Trotzdem muss Fructose meist nicht komplett vom Speiseplan gestrichen werden. Es müssen nur die Lebensmittel gemieden oder selten verzehrt werden, die einen hohen Fruchtzuckeranteil haben:

  • Trockenfrüchte
  • Obstsäfte
  • Honig
  • Beeren
  • Sekt und süßer Wein
  • Fertigprodukte, die mit Fruchtzucker gesüßt sind.

Glutenunverträglichkeit

Glutenunverträglichkeit, auch als Zöliakie bekannt, ist vielmehr eine Immunreaktion als eine Intoleranz. Das körpereigene Immunsystem behandelt das Klebereiweiß Gluten wie einen Feind und reagiert mit einer Immunreaktion. Eine Entzündung der Darmschleimhaut ist die Folge.

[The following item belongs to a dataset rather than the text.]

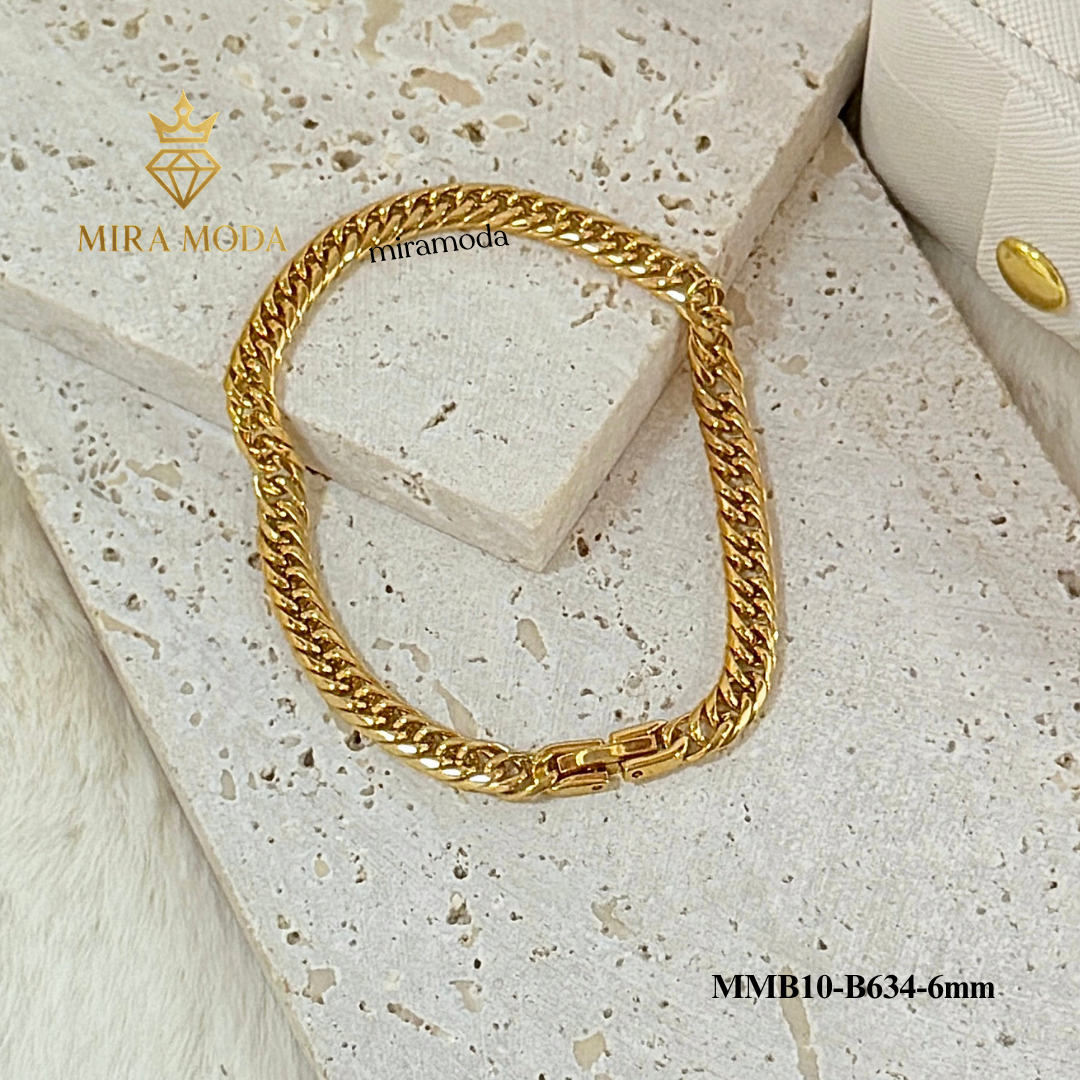 B634 Japan Style Clip Lock Link Chain Italy Gold Plated Bracelet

Bei einer Glutenunverträglichkeit ist ein konsequenter Verzicht auf Gluten nötig. Gluten befindet sich vor allem in Getreide wie Dinkel, Roggen, Gerste, Hafer und Weizen sowie in sehr vielen verarbeiteten Lebensmitteln. Selbst in Eiswaffeln und Kuchen kommt das Klebereiweiß vor.

 

Histaminintoleranz

Eine Histaminintoleranz hindert den Körper am Abbau von Histamin. Es ist für einige wichtige Körperfunktionen verantwortlich, wie etwa der Abwehr körperfremder Stoffe. Darüber hinaus reguliert es die Darmbewegung und Magensäureproduktion.

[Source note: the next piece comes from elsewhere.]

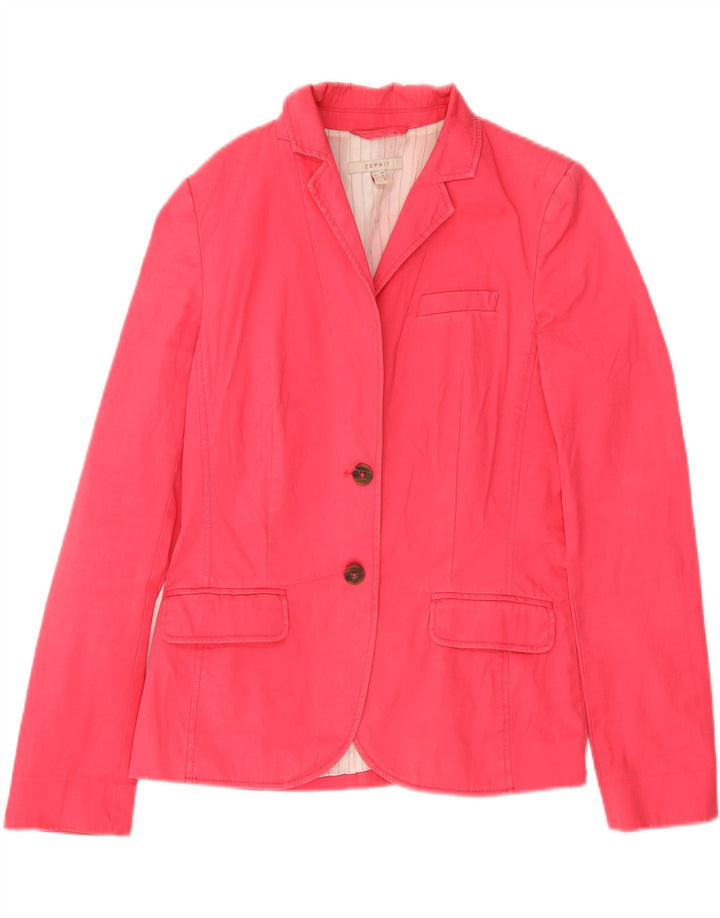 ESPRIT Womens 2 Button Blazer Jacket UK 10 Small  Pink Cotton Vintage Esprit and Second-Hand Esprit from Messina Hembry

Histamin ist ein körpereigener Botenstoff, der auch in Lebensmitteln vorkommt. Dazu gehören vor allem gelagerte, gereifte, gegärte oder fermentierte Lebensmittel. Grundsätzlich gilt dabei: Je länger die Lagerung, Reifung, Gärung oder Fermentierung dauert, desto höher ist der Histamingehalt. Folgende Lebensmittel sollten daher gemieden werden:

  • Bier
  • Essig
  • Meeresfrüchte
  • Rotwein
  • Sauerkraut
  • Käsesorten, die besonders lang gereift sind
  • Verschiedene Fischprodukte (vor allem Konserven)
  • Salami
  • Schinken
  • Geräuchertes Fleisch

 

 

Laktoseintoleranz

Laktoseintoleranz (Milchzuckerunverträglichkeit) gilt als die häufigste Nahrungsmittelunverträglichkeit: Weltweit sind etwa 75 % der Erwachsenen betroffen, in Deutschland sind es ungefähr 15 %. Der Grund ist ein Laktasemangel. Denn damit Milchzucker vom Körper verwertet werden kann, muss er gespalten werden. Dafür ist das Enzym verantwortlich.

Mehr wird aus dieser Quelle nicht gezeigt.